The truth is, much of the Tories’ political success over the past decade is down to rising house prices, says George Eaton in the New Statesman. It was well-off homeowners, not deprived voters, who turned the “red wall” blue. But the “property-owning democracy” Thatcher dreamt of is “wilting”. In London, where the average house price is 13 times the median salary, the Tories are increasingly “marginalised” – in the 1987 and 1992 general elections, they beat Labour in the capital. As Generation Rent grows up, the Conservatives will realise “it is hard to sell capitalism to those with no capital”.
The “Great Realignment” of politics, from economics to values, is also pointing left, says Ed West in UnHerd. Johnson is triumphant now because he’s won over the culturally conservative working class, but Labour has a coalition that’ll win “the Britain of 2040”. The young, the unmarried, renters and ethnic minorities are all “demographically ascendant” – and rock-solid Labour.
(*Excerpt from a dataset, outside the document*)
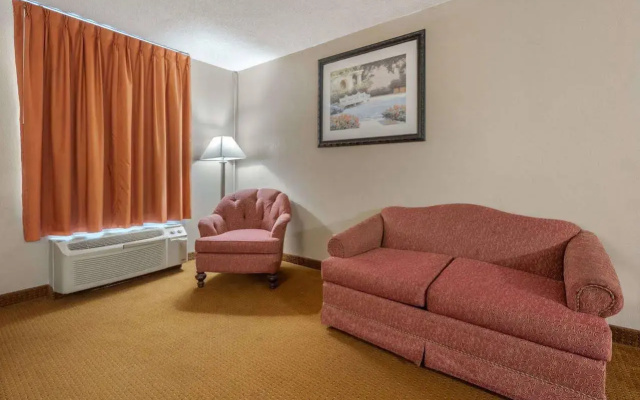 photo 4 of Rodeway Inn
Anti-Toryism is a “social norm” for the young, so they won’t be morphing into “cynical conservatives” any time soon. Just as realignment in America has handed wealthy districts to the Democrats, so the young, professional Conservative voter will soon die out and southeast England will turn red.
I’m not so sure, says Michael Deacon in The Daily Telegraph. “The Tories are the most successful party in the history of politics for a reason: they’re willing to do and say whatever it takes to win.” They banned the teaching of homosexuality in schools, then introduced gay marriage 25 years later. They took us into Europe, then took us out again after 45 years. Just as they wooed the red wall, they’ll cling on to the “woke middle class” with aplomb. “I can picture it already”: Priti Patel will pledge to defund the police, Oliver Dowden will commit to tearing down a minimum of 20,000 statues a year and Jacob Rees-Mogg will announce his preferred gender pronouns in Latin.